For many reasons, and even more tomorrow, we must find substitutes for the
traditional slate and chalk (or, whiteboard and marker) expository tool
in mathemetatics. The overriding principle to apply in judging such a
substitute is whether or not the technology makes its use no more cumbersome
and whether it is ubiquitous. Our version of this is texPad (see Advice/
for more details.)

\subsection{The argument}
In the first panel we showed that if $A,B,C$ are propositions then
the compound proposition $D = (A\implies (B \implies C))$ is equivalent
to $E = (A \and B) \implies C$. This reformulation makes it easy to
understand, use, and even prove by contradiction. One of the intermediary
steps was
\begin{eqnarray*}
A \implies (B \implies C) & \sim & \bar{A} \or \bar{B} \or C \\
\therefore \neg (A \implies (B \implies C)) & \sim & A \and B \and \bar{C} \\
\end{eqnarray*}
Thus, to prove the first one true, the very least you need to do is show that
either $A$ is false, $B$ is false, or $C$ is true.
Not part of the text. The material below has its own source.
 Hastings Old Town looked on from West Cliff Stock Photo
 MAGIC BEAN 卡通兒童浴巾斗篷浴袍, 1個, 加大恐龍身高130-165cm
In the second panel, we simplify $(A \implies B) \implies C$ as much as
we can to get $(A \and \bar{B})\or C$. This does tell us that, for this
double  implication to be true, either $C$ must already be known to be true,
or both $A$ must be true and $B$ must be false.
Since we end up with a disjunction of  $C$ with a conjunction
$A \and \bar{B}$ we can go a little further.
The $\and$ and $\or$ operators are each distributive
across the other. (See the textbook or google it.) That means we can
rewrite
\begin{eqnarray*}
(A \and \bar{B})\or C&\sim & (A\or C) \and (\bar{B} \or C)  \\
& \sim & (A\or C) \and (B \implies C)  \\
& \sim & (\bar{A} \implies C) \and (B \implies C)  \\
\end{eqnarray*}
for what that's worth. Perhaps a lawyer could use this equivalence to really
complicate a legal document.

\section{Conclusion}
It's easy to forget what the purpose of this lesson was, namely to show
that the two double implications are not the same. What makes material
implication so special is that there is only one 0 in it's truth table.
That is, only $(1 \implies 0)$ is false. All 3 other cases are true.
This suggests a quick test
\begin{eqnarray*}
A \implies (B \implies C)& \mbox{ versus } & (A \implies B) \implies C\\
0 \implies (0 \implies 0)& \mbox{ versus } & (0 \implies 0) \implies 0\\
0 \implies 1 & \mbox{ versus } &  1  \implies 0\\
1 & \mbox{ versus } &   0 \\
\end{eqnarray*}
which shows that they are not equivalent.

Question1: Is this the only one of the 8 cases where they differ?

\end{document}